Tulisan Oleh : Uswatun Hasanah (Dosen Universitas Indonesia)
Wakaf sebagai salah satu lembaga Islam yang erat kaitannya dengan kesejahteraan
umat sudah lama melembaga di Indonesia. Sebagai negara yang mayoritas
penduduknya beragama Islam, Indonesia memiliki tanah wakaf yang luas. Namun
karena sejak semula tidak diiringi dengan peraturan perundang-undangan yang
memadai, tanah wakaf itu tidak berkembang dengan baik, bahkan sering
menimbulkan masalah. Hal inilah antara lain yang memunculkan kesadaran pemerintah
Hindia Belanda untuk menertibkan tanah wakaf di Indonesia. Pada waktu
Priesterraad (Pengadilan Agama) didirikan berdasarkan Staatsblad No. 152 Tahun
1882, salah satu yang menjadi wewenangnya adalah menyelesaikan masalah wakaf.
google image |
Setelah merdeka, Pemerintah RI juga mengeluarkan peraturan-peraturan
perwakafan, namun kurang memadai. Karena itu dalam rangka pembaharuan Hukum
Agraria di Indonesia, persoalan perwakafan tanah diberi perhatian khusus
sebagaimana terlihat dalam Undang-undang No. 5 Tahun 1960 Tentang Peraturan
Dasar Pokok-pokok Agraria, Bab II, bagian XI, Pasal 49. Dalam pasal itu
disebutkan bahwa untuk melindungi berlangsungnya perwakafan tanah di Indonesia,
pemerintah akan memberikan pengaturan melalui Peraturan Pemerintah (PP). PP
tersebut baru dikeluarkan setelah 17 tahun berlakunya UU Pokok Agraria itu,
yakni PP Nomer 28 Tahun 1977 tentang Perwakafan Tanah Milik.
Di Indonesia, campur tangan pemerintah dalam hal perwakafan mempunyai dasar
hukum yang kuat. Dalam UUD 1945 Pasal 29 ayat (1) di bawah Bab Agama,
dinyatakan bahwa Negara berdasarkan atas Ketuhanan Yang Maha Esa. Menurut Prof.
Hazairin, norma dasar yang tersebut dalam Pasal 29 ayat (1) itu tafsirannya
antara lain bermakna bahwa "Negara Republik Indonesia" wajib
menjalankan syariat Islam bagi orang Islam, syariat Nasrani bagi orang Nasrani
dan syariat Hindu-Bali bagi orang Hindu-Bali, apabila dalam pelaksanaan syariat
itu memerlukan perantaraan kekuasaan negara. Alasannya, syariat yang berasal
dari agama yang dianut warga negara Republik Indonesia itu adalah kebutuhan
hidup para pemeluknya. Ayat (2) pasal itu dengan jelas juga menyebutkan bahwa
negara menjamin kemerdekaan tiap-tiap penduduk untuk memeluk agamanya
masing-masing dan untuk beribadat menurut agamanya itu.

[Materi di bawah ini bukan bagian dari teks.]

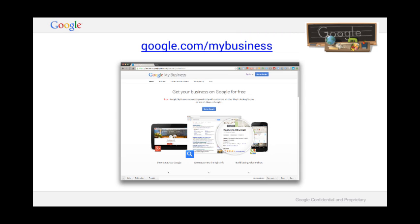So how do you get started on Google My Business? First of all, go to google.com/mybusiness. If you are already verified on Google+ Local or Places for Business, you will have been automatically migrated to Google My Business. Otherwise, to get signed up, all you need is to sign up with your business address.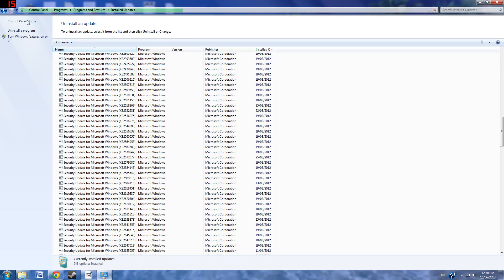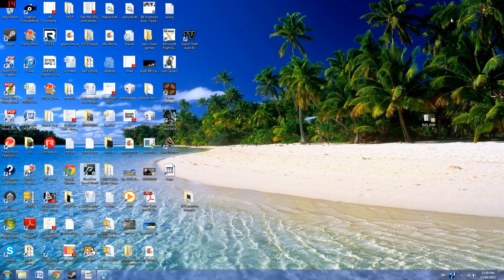Once you click it, it will uninstall it, and it will ask you to restart your computer. Do that. Once the computer has restarted, record a video on Fraps. If it is still black, then you have done something wrong, or you have just uninstalled the wrong update.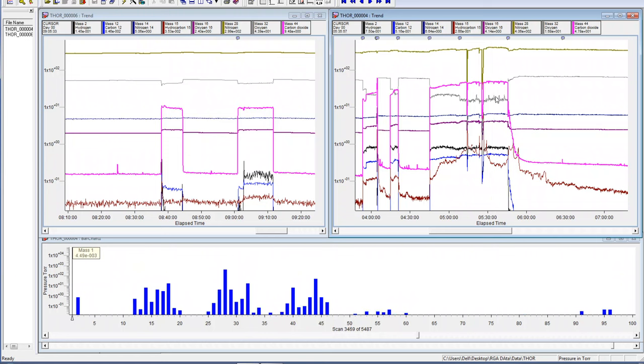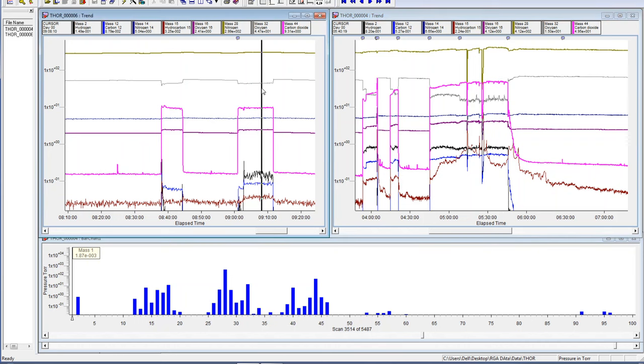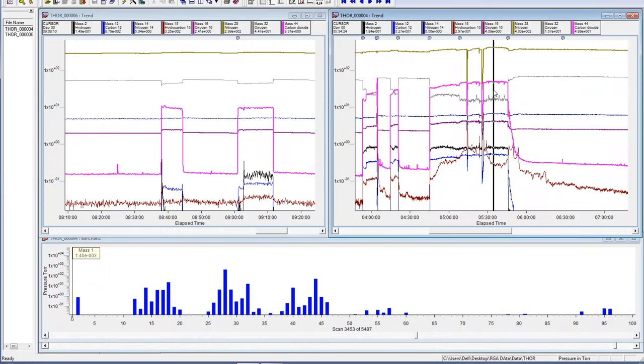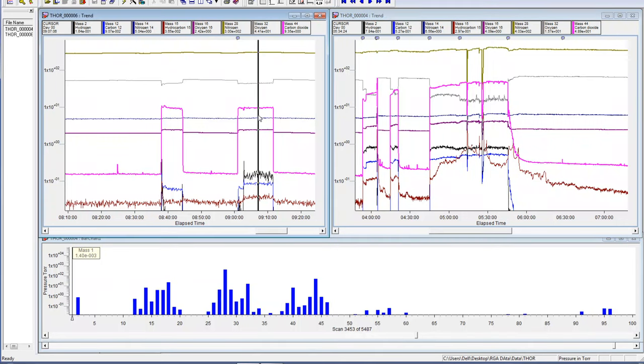Here the oxygen is only 1.5 to the plus one. The oxygen here is 4.47 to the plus one. The oxygen is 2.41 to the plus zero and here the oxygen is 4.09 to the plus zero. How does that make sense?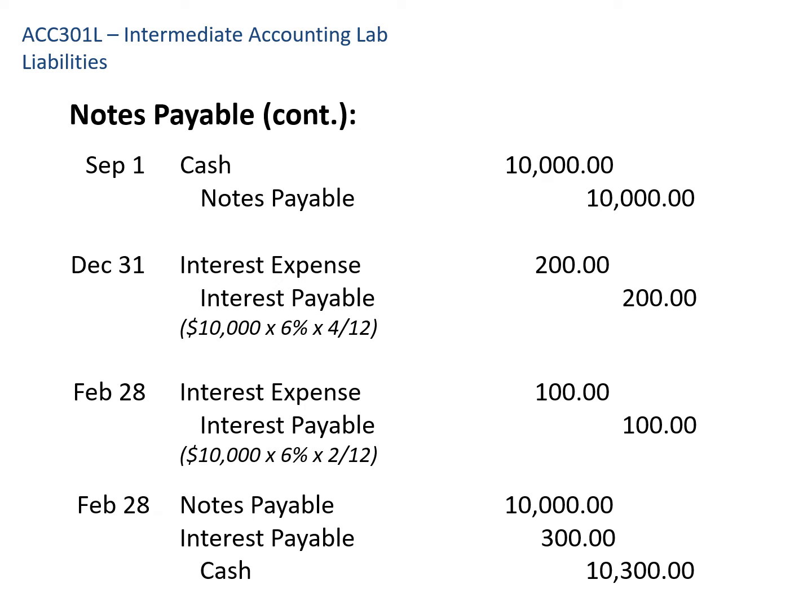On September 1st, we debit cash for $10,000 and credit notes payable for $10,000. On December 31st, we recognize interest incurred. Using $10,000 × 6% × 4/12 — because four months have passed — the denominator is always 12 or 365 since 6% is an annual rate. That equals $200 of interest. So we debit interest expense for $200 and credit interest payable for $200.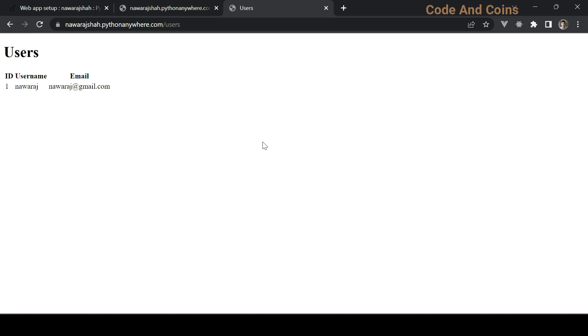Congratulations, you have successfully deployed your Flask app using PythonAnywhere. If you found this tutorial helpful please give it a thumbs up and subscribe to our channel for more programming and tech related tutorials. If you have any question or suggestion let me know in the comment section below. Happy coding and see you on the next video.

Dilihat dari kedua ayat itu, tersebut jelas bahwa wakaf merupakan salah satu
bentuk ibadat kepada Allah. Kategorinya termasuk ibadah maliyah yaitu ibadah
berupa penyerahan harta (mal) yang dimiliki seseorang menurut cara-cara yang
ditentukan. Wakaf adalah ibadah yang menyangkut hak dan kepentingan orang lain,
tertib administrasi dan aspek-aspek lain dalam kehidupan masyarakat. Agar semua
itu dapat berjalan dengan baik, pemerintah wajib mengatur masalah wakaf dalam
bentuk peraturan perundang-undangan. Dengan adanya peraturan perundang-undangan
itu ketertiban dalam praktik perwakafan diharapkan dapat terwujud.
Di samping Peraturan Pemerintah No. 28 Tahun 1977 tentang Perwakafan Tanah
Milik, ada beberapa peraturan lain yang mengatur masalah perwakafan di
Indonesia, antara lain Peraturan Menteri Dalam Negeri No. 6 Tahun 1977 tentang
Tata Pendaftaran Tanah mengenai Perwakafan tanah milik; Peraturan Menteri Agama
No. 1 Tahun 1978 tentang Peraturan Pelaksanaan PP. No. 28 Tahun 1977 tentang
Perwakafan Tanah Milik; Peraturan Direktur Jenderal Bimbingan Masyarakat Islam
No. Kep/D/75/1978 tentang Formulir dan Pedoman Pelaksanaan Peraturan-peraturan
tentang Perwakafan Tanah Milik; Keputusan Menteri Agama No. 73 Tahun 1978
tentang Pendelegasian wewenang kepada Kepala Kanwil Departemen Agama
Propinsi/setingkat di seluruh Indonesia untuk mengangkat/memberhentikan setiap
kepala KUA Kecamatan sebagai Pejabat Pembuat Akta Ikrar Wakaf, dan lain-lain.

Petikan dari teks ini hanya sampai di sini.